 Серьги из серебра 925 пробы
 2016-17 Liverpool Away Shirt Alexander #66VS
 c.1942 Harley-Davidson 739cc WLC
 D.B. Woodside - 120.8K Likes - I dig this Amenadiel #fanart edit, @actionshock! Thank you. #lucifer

* * *

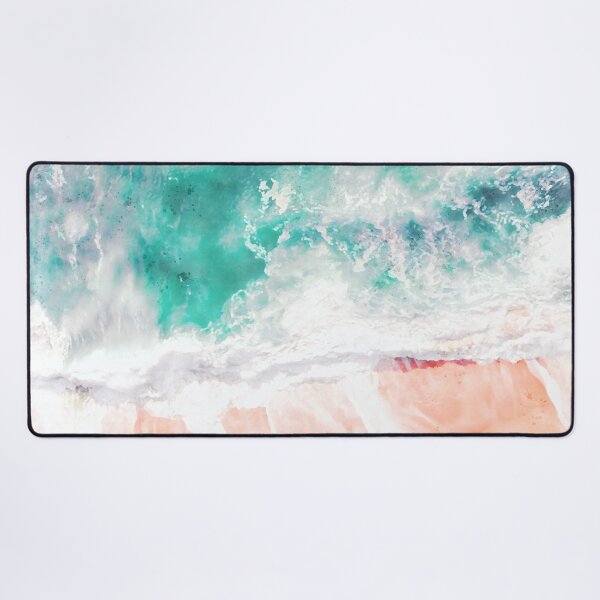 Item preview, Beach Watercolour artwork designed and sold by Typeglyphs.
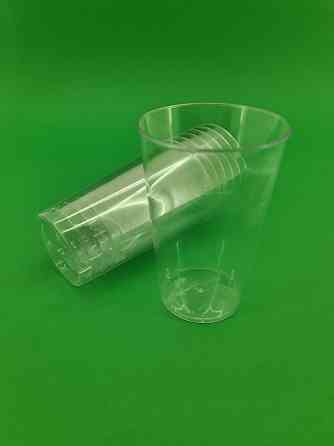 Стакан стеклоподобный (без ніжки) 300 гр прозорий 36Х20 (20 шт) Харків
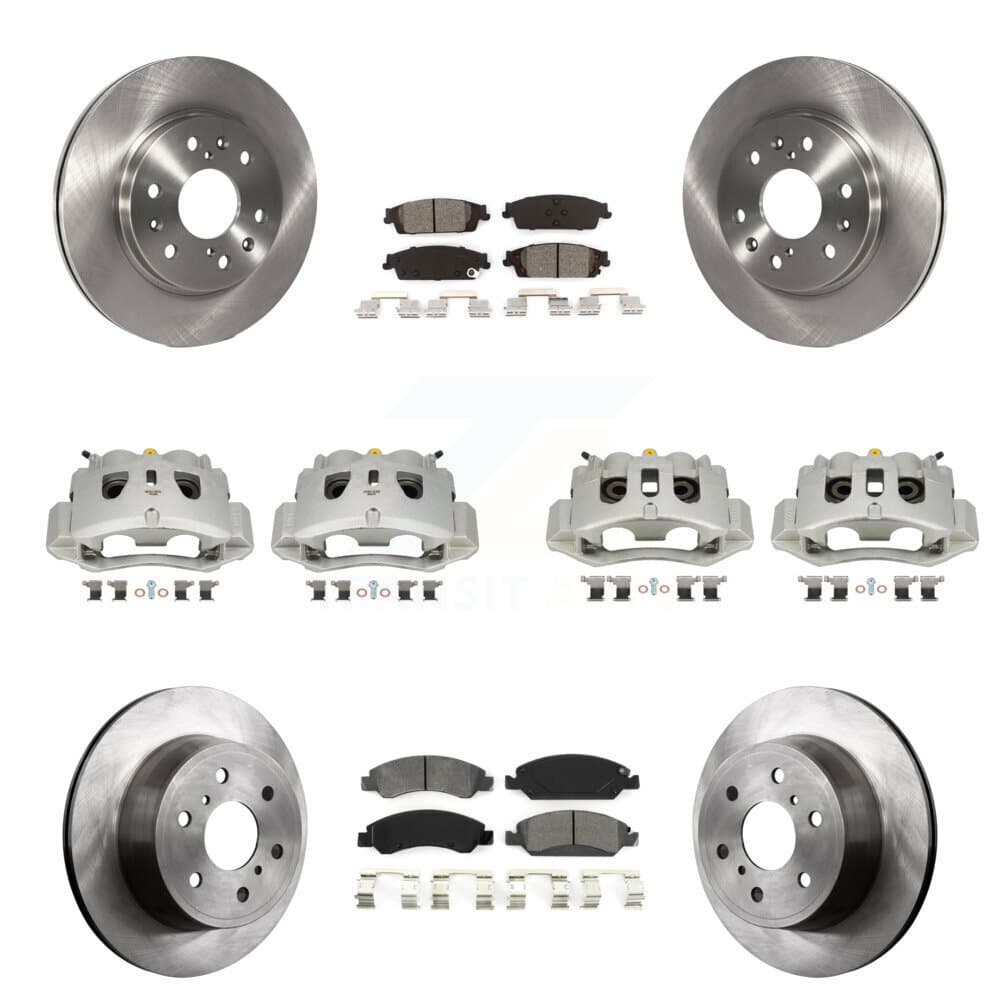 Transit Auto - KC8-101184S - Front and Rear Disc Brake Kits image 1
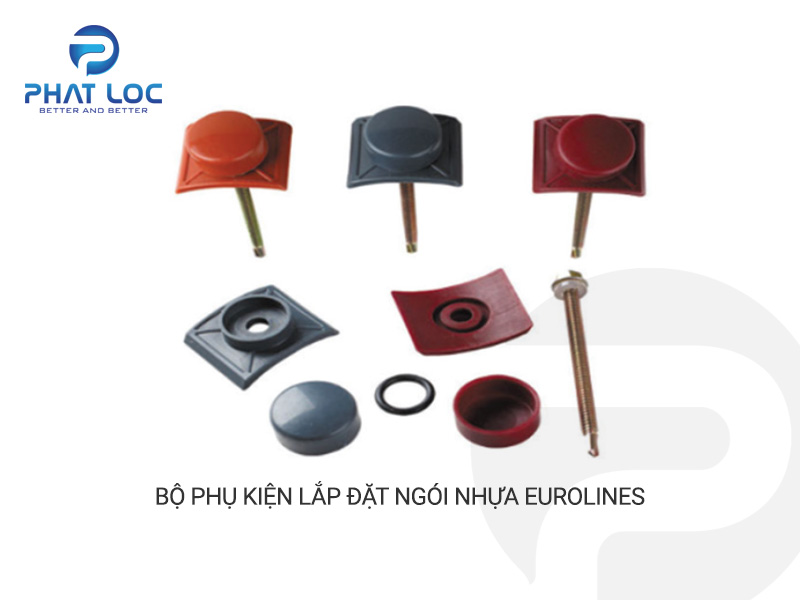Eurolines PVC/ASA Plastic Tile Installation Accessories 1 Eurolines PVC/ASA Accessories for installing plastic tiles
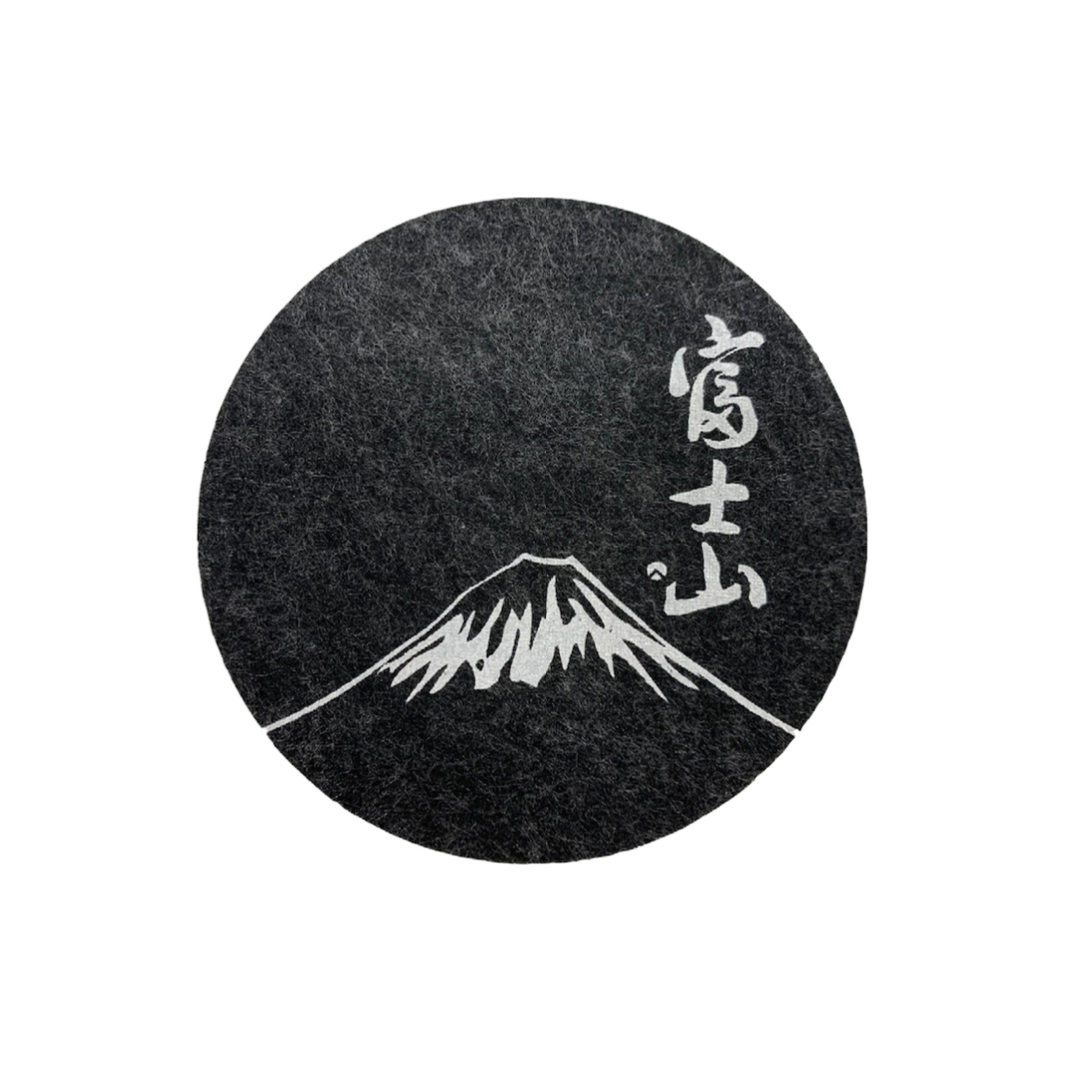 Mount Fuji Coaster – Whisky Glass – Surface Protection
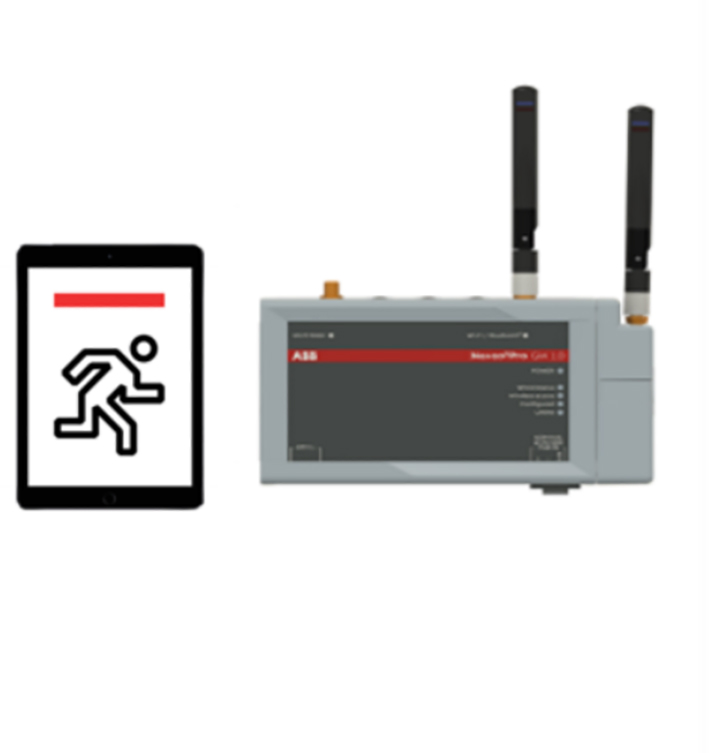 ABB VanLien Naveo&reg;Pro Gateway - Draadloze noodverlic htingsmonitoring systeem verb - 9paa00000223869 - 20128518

==

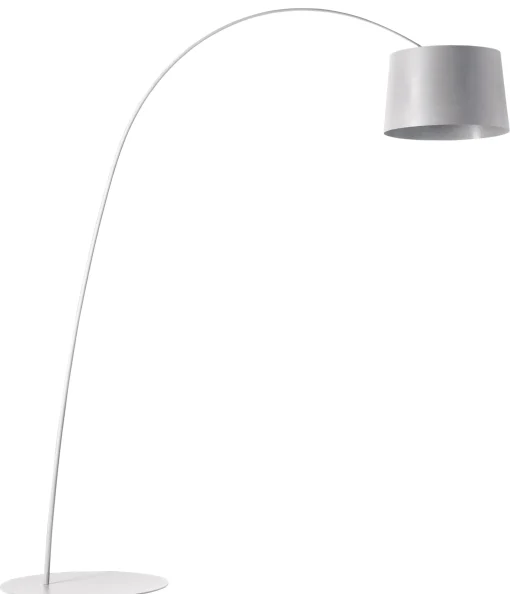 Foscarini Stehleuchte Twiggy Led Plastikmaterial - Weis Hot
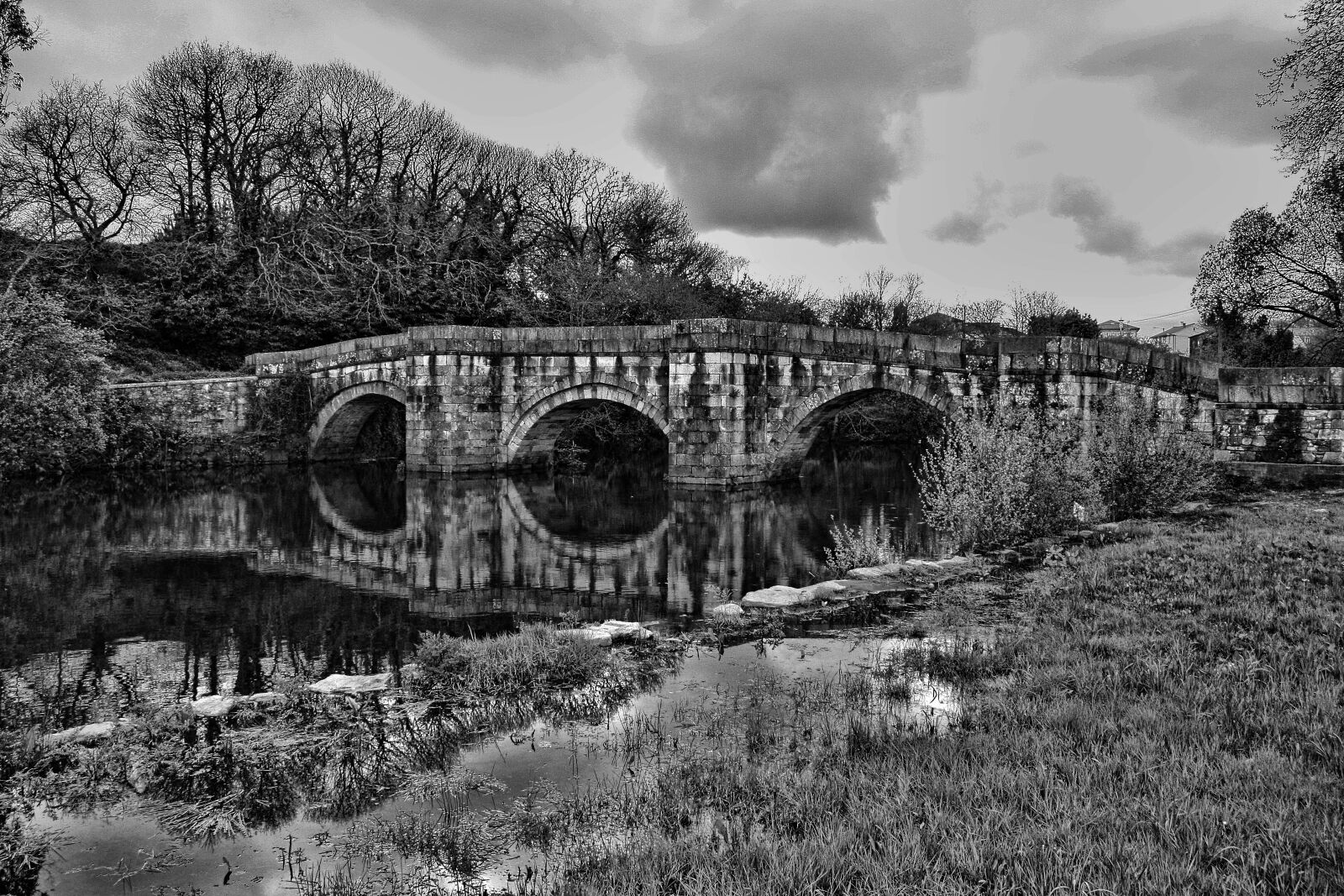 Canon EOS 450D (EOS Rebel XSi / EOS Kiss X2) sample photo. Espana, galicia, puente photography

=== Task item ===
Look back at the entries above and repeat, unchanged, every line from the line holding "Серьги из серебра 925 пробы" through the line holding "D.B. Woodside - 120.8K".

=== Written answer ===
 Серьги из серебра 925 пробы
 2016-17 Liverpool Away Shirt Alexander #66VS
 c.1942 Harley-Davidson 739cc WLC
 D.B. Woodside - 120.8K Likes - I dig this Amenadiel #fanart edit, @actionshock! Thank you. #lucifer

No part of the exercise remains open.